= Data extracts =
####

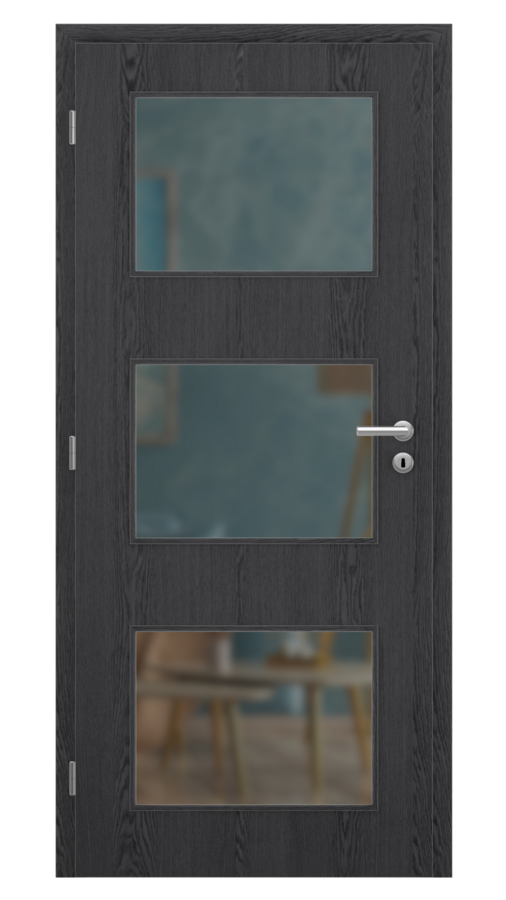 Styl / Styl 31 / SOLO STRUKTUR - dub dark grey / Planibel sivá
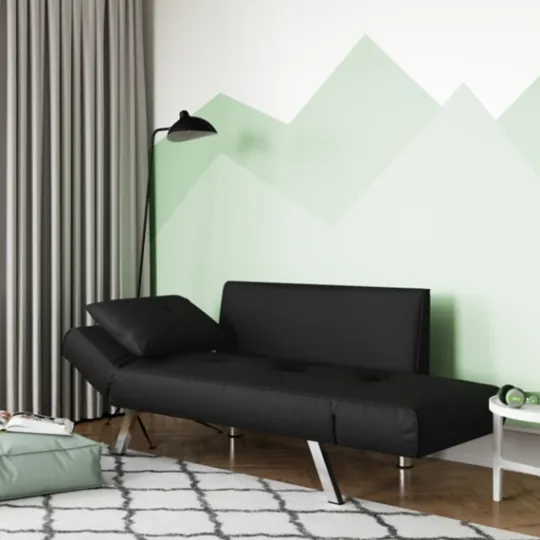 Kirkland's Home Mod Wing Arm Convertible Sofa- Sofas & Loveseats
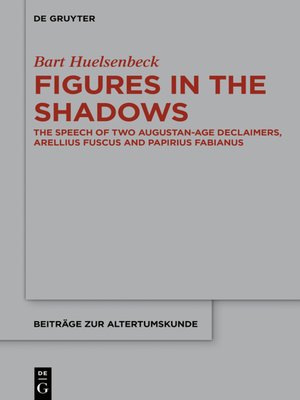 cover image of Figures in the Shadows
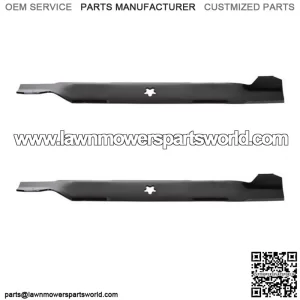 2PK Oregon Ariens 42" Hi-Lift Mower Deck Blades 21546095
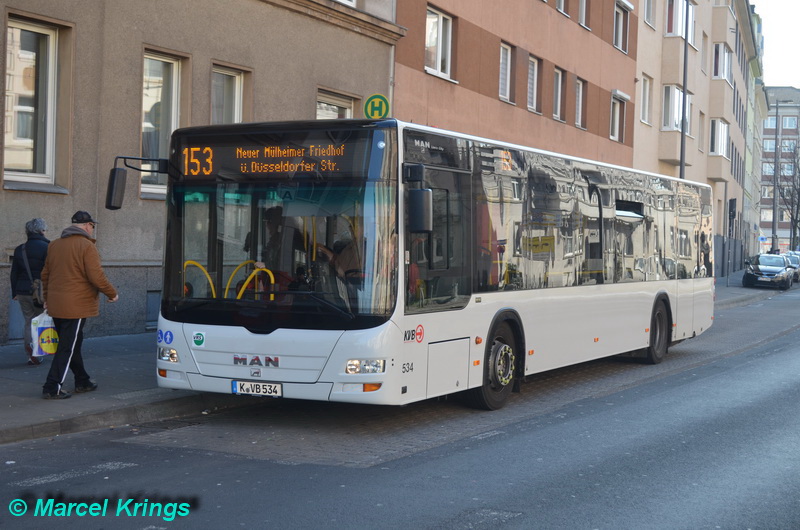 MAN NL283 Lion\`s City #534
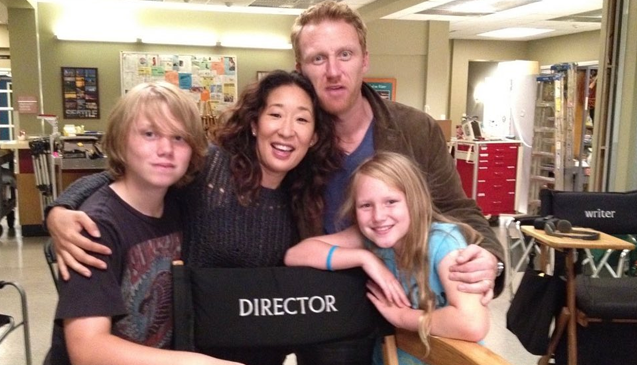 Iona McKidd Family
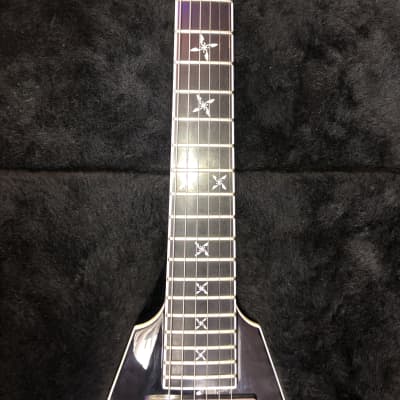 ESP Ninja, Michael Amott Signature series 2007 See Thru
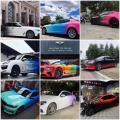 New Arrival High Glossy Customized Car Body Vinyl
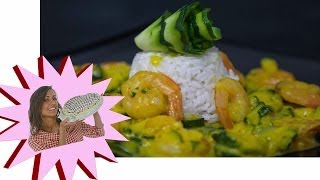 Riso Basmati con Gamberi e Zucchine [upl. by Cherida]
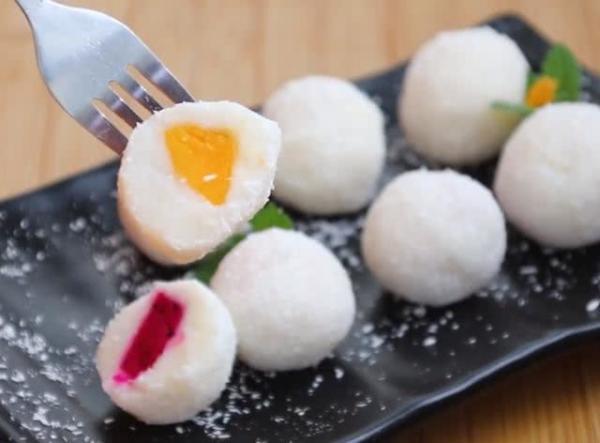  火龙果|山药别再炒吃了，加一个火龙果，软糯香甜，健脾养胃，小孩子最爱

####

With all pictures removed, reproduce the lines from the top of the entries above through the line containing "New Arrival High", exactly as written.

= Task output =
 Styl / Styl 31 / SOLO STRUKTUR - dub dark grey / Planibel sivá
 Kirkland's Home Mod Wing Arm Convertible Sofa- Sofas & Loveseats
 cover image of Figures in the Shadows
 2PK Oregon Ariens 42" Hi-Lift Mower Deck Blades 21546095
 MAN NL283 Lion\`s City #534
 Iona McKidd Family
 ESP Ninja, Michael Amott Signature series 2007 See Thru
 New Arrival High Glossy Customized Car Body Vinyl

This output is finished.